Scholars debate the origin and background of the book. Some think it is an apologetic of Christians against forces in the Church who wanted to return to many Jewish practices.
Others think that it was a response of dispersed Christians to Jews in Jerusalem who wanted help during the Jewish-Roman War of 69-70 A.D. According to this theory, Jews in Jerusalem would be pleading for Christians to remember with nostalgia the temple, the liturgy, the covenant, and to return to help save Jerusalem.
The answer (in this theory) would be that Christians no longer needed these things, for they had a new and better way. Remember that the second reading rarely fits the theme of the first reading and gospel.
The real theme of Sunday’s Mass is the sanctity of marriage. Man and woman are made for each other. The “institution” of marriage was created by God from the beginning; he intends that marriage be a blessing which lasts until death. (The first reading may seem a bit chauvinistic to us. But remember that woman was considered as chattel property by many ancient cultures.

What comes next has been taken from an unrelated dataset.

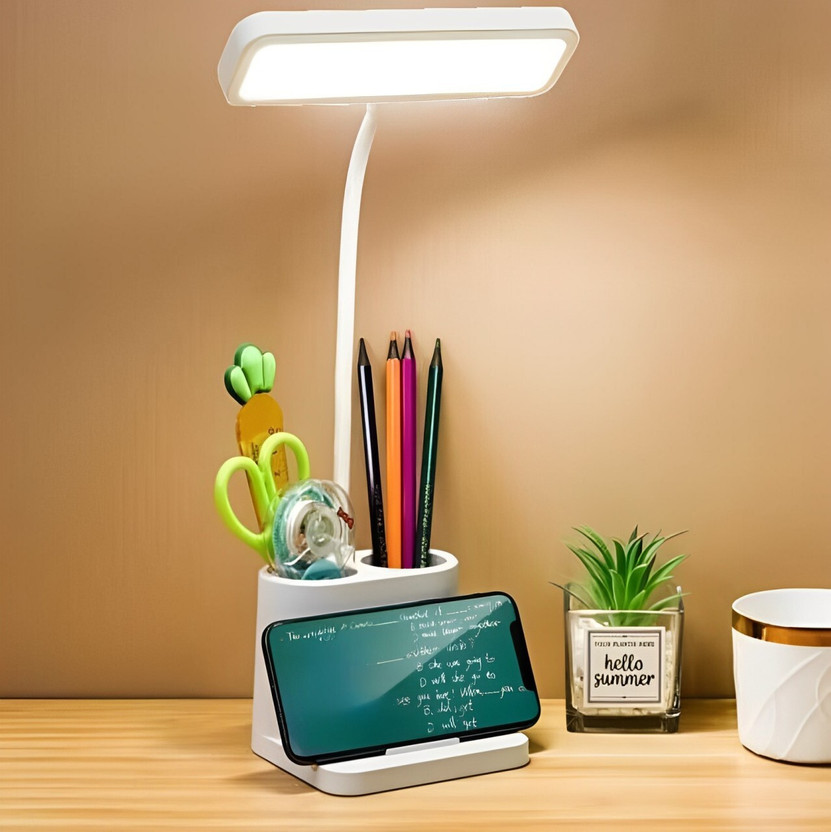 FIRSTLIKE 360 Degree Flexible Neck, Touch Switch Rechargeable Desk Eye Protection Table Lamp(36 cm, White)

Not so in Judaism! Woman had the same nature as man. “Rib” probably is not a good translation. The Hebrew word here probably comes from the Ugaritic language word and means “life.” Woman and man have the same LIFE.

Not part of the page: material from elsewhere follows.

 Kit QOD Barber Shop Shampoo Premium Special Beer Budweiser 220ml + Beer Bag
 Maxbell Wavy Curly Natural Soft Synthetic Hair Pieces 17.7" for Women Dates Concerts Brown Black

Jesus does not mince words in the gospel. He says that whoever divorces and remarries commits adultery. This is a negative way of saying that couples need to solve their problems and grow in love so that there is never any thought of divorce. Pray today that all married couples will grow together in understanding, patience, and mature love.

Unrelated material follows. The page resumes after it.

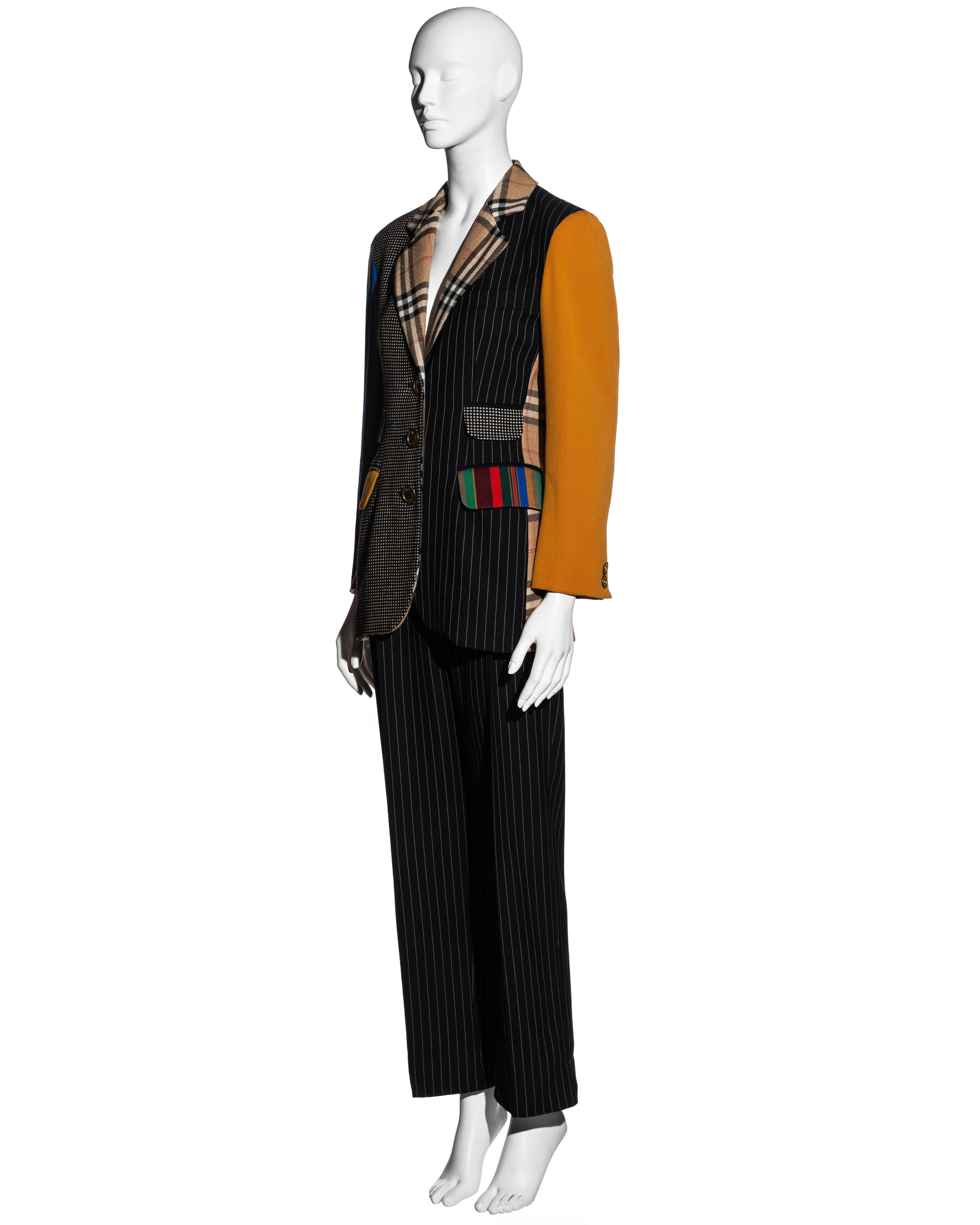 Black Moschino Couture patchwork wool blazer jacket and pants suit, ss 1994 For Sale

27th Sunday in Ordinary Time
Wisdom 7:7-11; Hebrews 4:12-13; and Mark 10:17-30
The Book of Wisdom (from which our first reading is taken) is attributed to Solomon. Very likely, however, he did not write it. But the “first person” (the “I”) is intended to be Solomon.
The reading alludes to the famous story of young Solomon who became king after his father, David. God told Solomon that he would grant one request. Instead of asking for wealth or long life or health, Solomon asked for wisdom. Wisdom is the gift of putting everything in its proper place. Wisdom is the gift of finding the true meaning and goal of life.
Wisdom is knowing how everything fits together to achieve that goal. Today’s first reading is Solomon’s description: “I prayed, and prudence was given to me. I preferred her to scepter and throne…”
True wisdom leads to eternal life. The rich young man in the gospel wanted everlasting life, but he did not want to make the sacrifices necessary to attain it. True wisdom moves us to sacrifice present goals for future fulfillment.
Wisdom does not come to most of us instantly or automatically; we must constantly strive for wisdom. The second reading gives us a great source for wisdom: “God’s word is living and effective, sharper than any two-edged sword. It penetrates the spirit.” In other words, God’s word forces us to be honest in seeking real truth instead of smooth talk and half truths.
God’s word cuts through to our soul and lets us know when we are rationalizing or temporizing or deceiving ourselves. Let us seek true wisdom which will move us to devote all that we are and all that we have to God’s greater glory.